- Movie poster
- Directed by: Robert Boris
- Written by: Robert Boris
- Produced by: Thomas Coleman Michael Rosenblatt John Strong
- Starring: Martin Kove Sela Ward Bernie Casey
- Cinematography: John M. Stephens
- Edited by: Steven Rosenblum John A. O'Connor
- Music by: Misha Segal
- Production company: Atlantic Entertainment Group
- Distributed by: Atlantic Releasing Corporation
- Release date: May 8, 1987;
- Country: United States
- Language: English
- Box office: $1,327,740 (US)

= Steele Justice =

Steele Justice is a 1987 American action film written and directed by Robert Boris and starring Martin Kove, Sela Ward, and Bernie Casey.

==Plot==
John Steele is a Vietnam Vet who had trouble adjusting to life after the war. He hasn't been able to hold on to a job which includes being a cop. When his best friend Lee, who also served with him in Vietnam and who also became a cop, was killed by some drug dealers he was investigating, Steele was able to save his daughter and saw one of the shooters. He later sees him and learns that he is the son of General Kwan, another person he served with in Vietnam who was running his own deals on the side, and who tried to kill Steele and Lee but Steele not only survived but thwarted his plan. Steele suspects Kwan is involved with Lee's death but unfortunately Kwan's a respected member of the community. Steele's former boss Bennett is not in a rush to find the killers because investigation reveals that Lee may have been dirty, which Steele knows is not true. Steele sets out to prove Lee's innocence and to get Kwan.

=== Taglines ===
"When the police needed someone to stop the Vietnamese Mafia, there was only one choice..."

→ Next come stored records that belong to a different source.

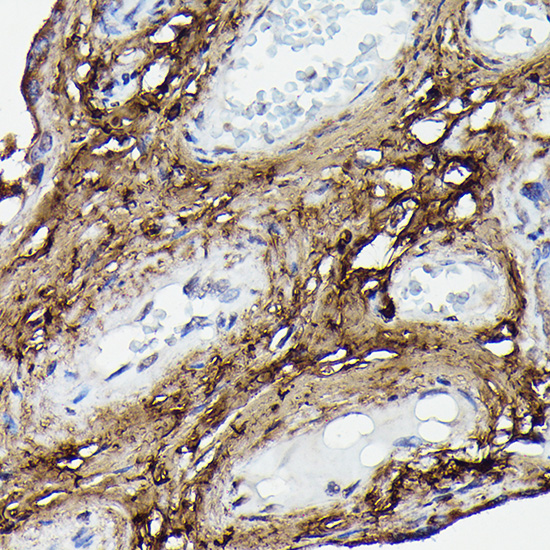 Anti-COL1A2 Antibody (CAB5786)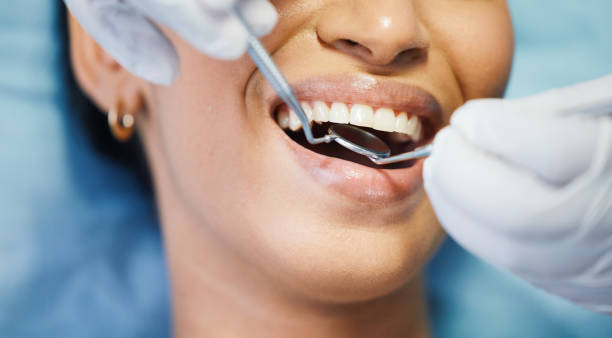 Best Pediatric Emergency Dentist in Temple Hills, MD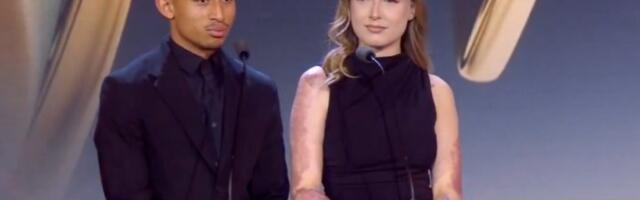 Fudbaler ju je vadio iz vatre, bila je u komi, sada ponosno pokazuje ožiljke: Jedva su se spasili (VIDEO)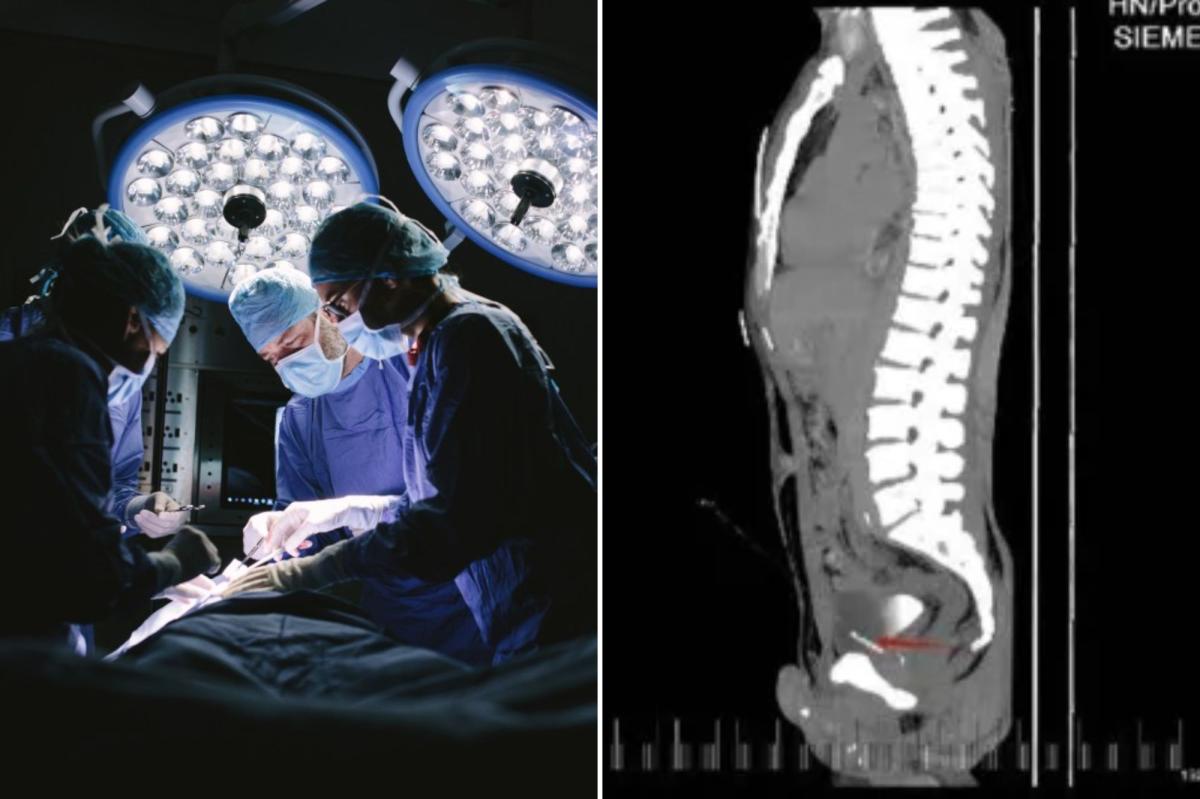Doctors find 'foreign bodies' inside a man's chest, penis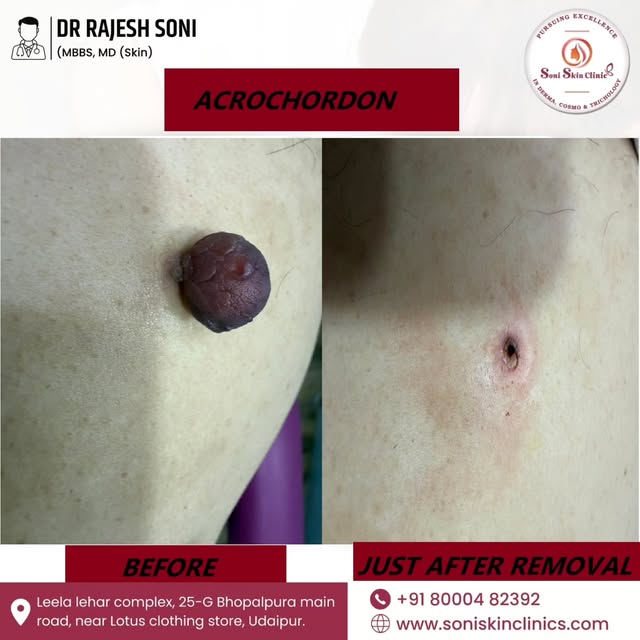 Acrochordon (Skin Tag) Removal ✨

A skin tag is a common benign skin growth, often seen around the n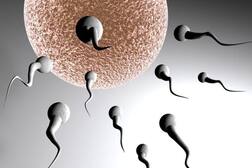 ਲੰਬੇ ਵਿਅਕਤੀ ਤੋਂ ਲਿਆ ਸਪਰਮ, ਵਰਤਿਆ ਭਾਣਾ, ਔਰਤ ਨੇ ਠੋਕਿਆ ਮੁਕੱਦਮਾ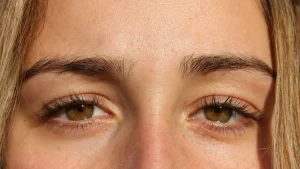 برای رشد مجدد ابروها چکار کنیم؟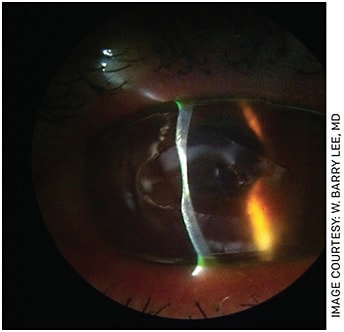 FIGURE 1. Slit lamp photo showing marked keratolysis following delayed epithelial healing after epi-off crosslinking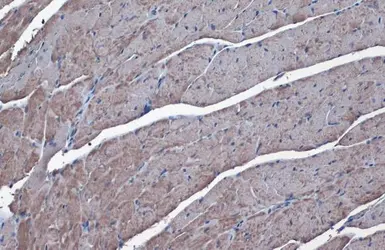 Anti-SLC25A6 antibody used in IHC (Paraffin sections) (IHC-P). GTX110983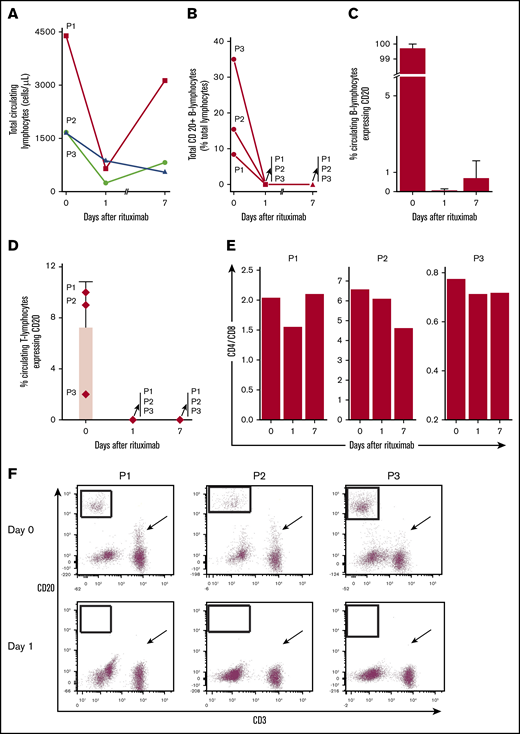 Rituximab leads to rapid and sustained elimination of circulating CD20+B and T lymphocytes despite ongoing TPEx in patients with iTTP. (A) Total circulating lymphocytes in patients with iTTP decrease after rituximab administration but there remains a variable response between the first and second dose of rituximab (days 1-7) and during continued TPEx. (B) Circulating CD20+ B lymphocytes vary in number in each patient. Rituximab removes nearly all circulating CD20+ B lymphocytes in each patient even after TPEx 24 hours later. The CD20+ B cells remain absent a week later at the time for the next rituximab treatment. (C) CD20+ is expressed on most circulating B lymphocytes in each patient at diagnosis. Rituximab quickly removes circulating CD20+ B lymphocytes within 24 hours. Recovery of CD20+ B lymphocytes by day 7 is patient-dependent, with patient 3 (P3) having the most circulating cells. (D) Specific circulating T lymphocytes in iTTP express CD20 and levels depend on the patient. Rituximab effectively depletes CD20+ T cells, which last 1 week after administration. (E) CD4-to-CD8 ratios are decreased between day 0 and day 1 in all patients, suggesting preferential depletion of CD4+ T cells. (F) Flow cytometry plots demonstrate that CD20+ B cells were eliminated (boxed regions) in each patient after rituximab treatment between day 0 and 1. The number of CD20+ T cells dropped dramatically (although to variable extent in different patients) within 24 hours after rituximab treatment (arrows). Bars and lines represent mean percentages plus standard deviation from N = 3 patients.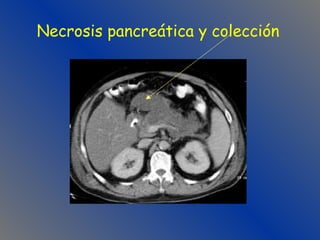 Necrosis pancreática y colección 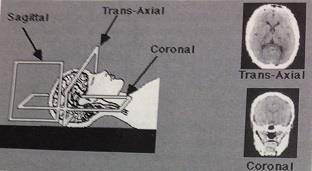 The trans-axial (human) or transverse (dog) plane is perpendicular to the plane of the CT table and transects the subject into superior/cranial and inferior/caudal portions.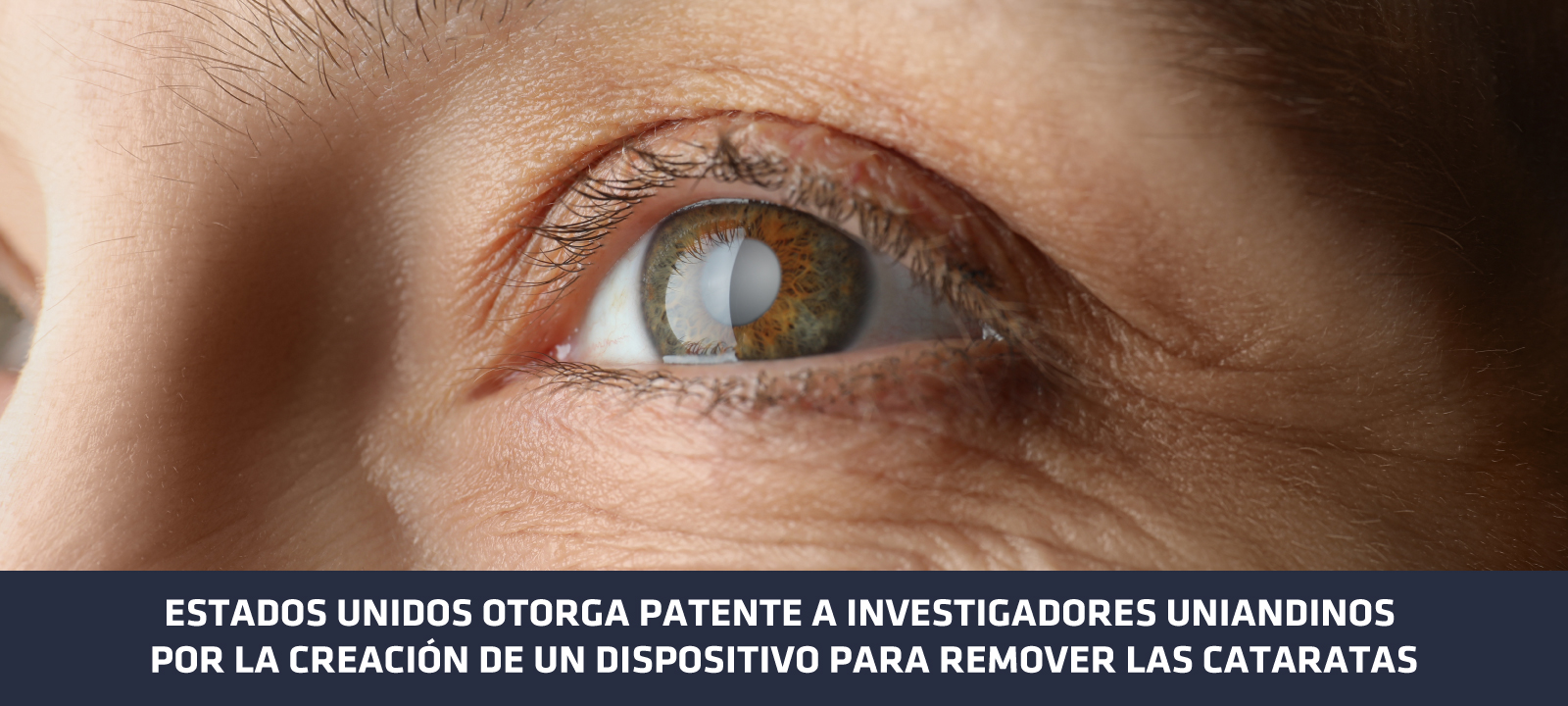 Patente Uniandina – Dispositivo para cirugía de cataratas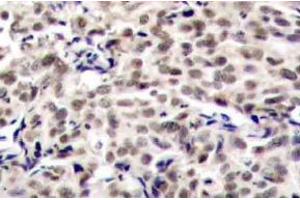 Immunohistochemistry (IHC) analyzes of CREB antibody in paraffin-embedded human breast carcinoma tissue. (CREB1 anticorps)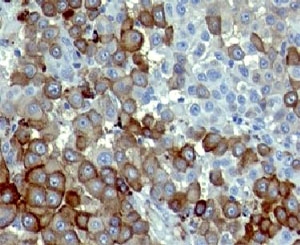 IHC: Formalin-fixed, paraffin-embedded human melanoma stained with NGFR antibody (NTR/912).~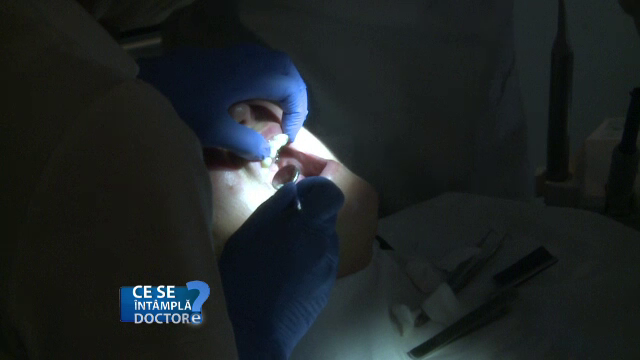 Vizitati de urgenta un stomatolog daca aveti o afta care dureaza mai mult de o saptamana. Ce afectiune grava indica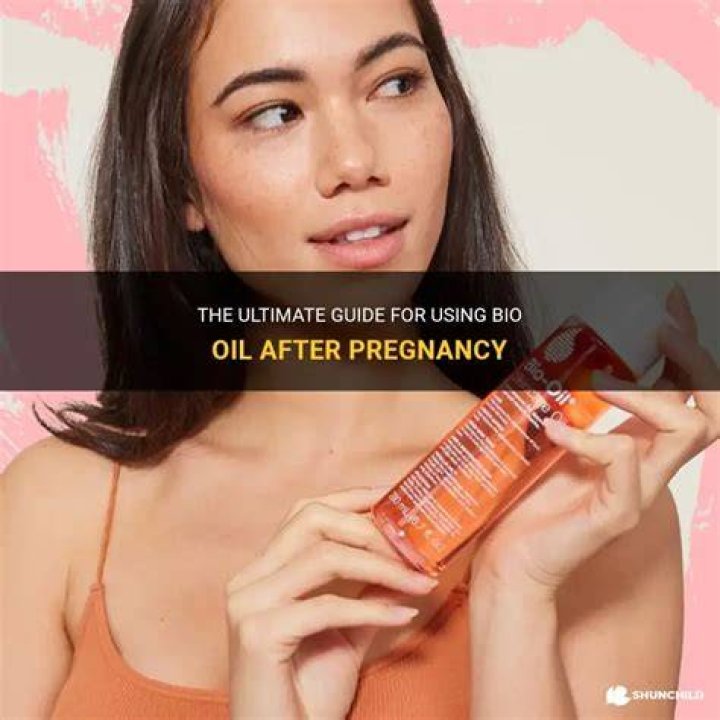 Should I use Bio-Oil before or after pregnancy?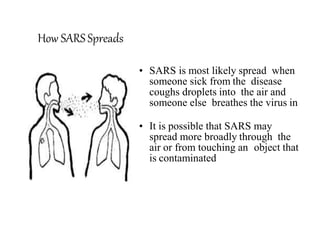 How SARS Spreads
• SARS is most likely spread when
someone sick from the disease
coughs droplets into the air and
someone else breathes the virus in
• It is possible that SARS may
spread more broadly through the
air or from touching an object that
is contaminated
 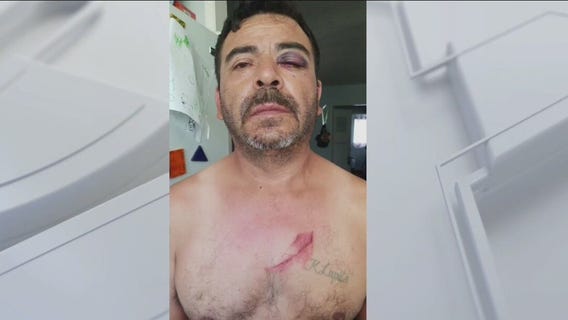 Dad attacked by 3 robbers on his way home from work in South LA area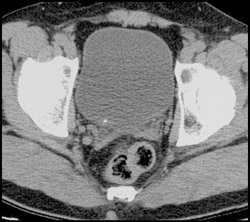 Stone in Bladder - CTisus CT Scan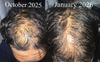 Progress Check: 3 Months on Dutasteride (0.5mg) + Minoxidil (2.5mg)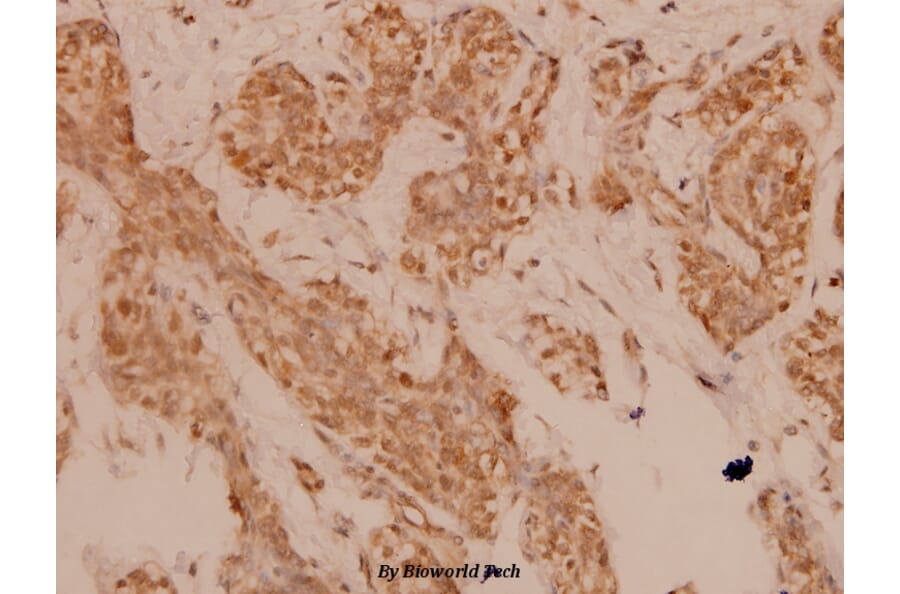 Anti-FOSL2 (S301) Antibody from Bioworld Technology (BS1131) - Antibodies.com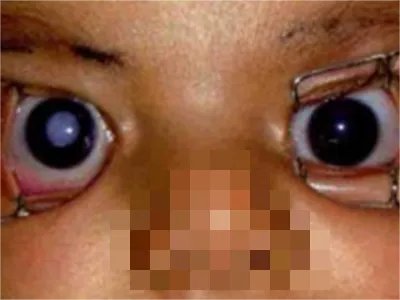 先天性风疹综合征症状图片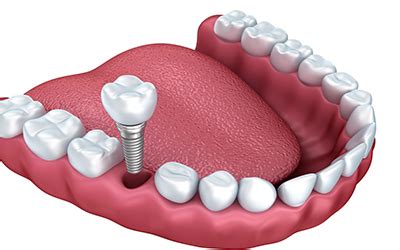 how much are fake screw in teeth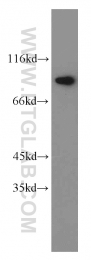 10871-1-AP - HOOK1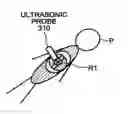 Fig. 01 - Support apparatus and support method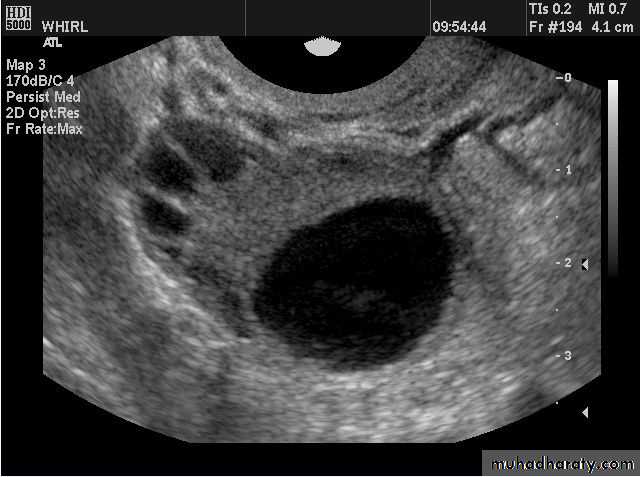 Ultrasonography in Gynaecology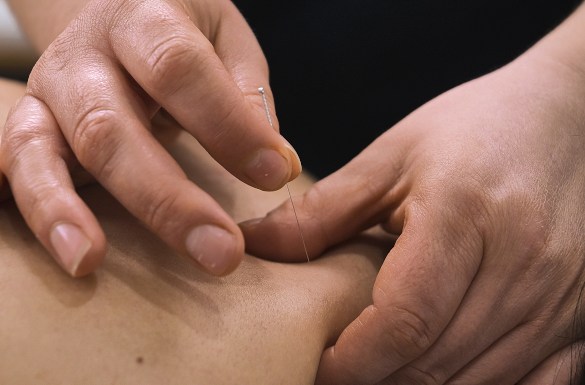 Close up of therapeutic dry needling on trigger points.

"You don't recruit John Steele. You unleash him."

"The only law is the Black Tiger's. The only justice is John Steele's."

==Cast==
- Martin Kove as John Steele
- Sela Ward as Tracy
- Ronny Cox as Bennett
- Bernie Casey as Detective Tom Reese
- Joseph Campanella as Harry
- Jan Gan Boyd as Cami
- Shannon Tweed as Angela Spinelli
- Kevin Gage as Army Sergeant
- Sarah Douglas as Kay
- Soon-Tek Oh as General Bon Soong Kwan
- Irene Tsu as Xua Chan

==Critical reception==
Janet Maslin of The New York Times had disdain for the film:

Steele Justice isn't designed as a comedy, but it does earn high marks for inadvertent humor... Mr. Kove wears a Band-Aid across the bridge of his nose during much of the film, and it is by far the most expressive thing on his face.

Maslin further commented, "This is thanks in part to the writer and director, Robert Boris, whose Oxford Blues was no laughing matter but who this time has tried to meld Rambo with Miami Vice, throwing in a touch of the Chippendales' calendar. The last is evoked by the presence of Martin Kove, the big, burly, smirking fellow in the title role."

Leonard Maltin called the film a ’Howlingly absurd action-revenge yarn’ while TV Guide wrote, ’Unintentionally hilarious "Rambo"-inspired action picture featuring the muscle-bound Martin Kove as John Steele, a Vietnam vet having trouble adjusting to postwar life in southern California.’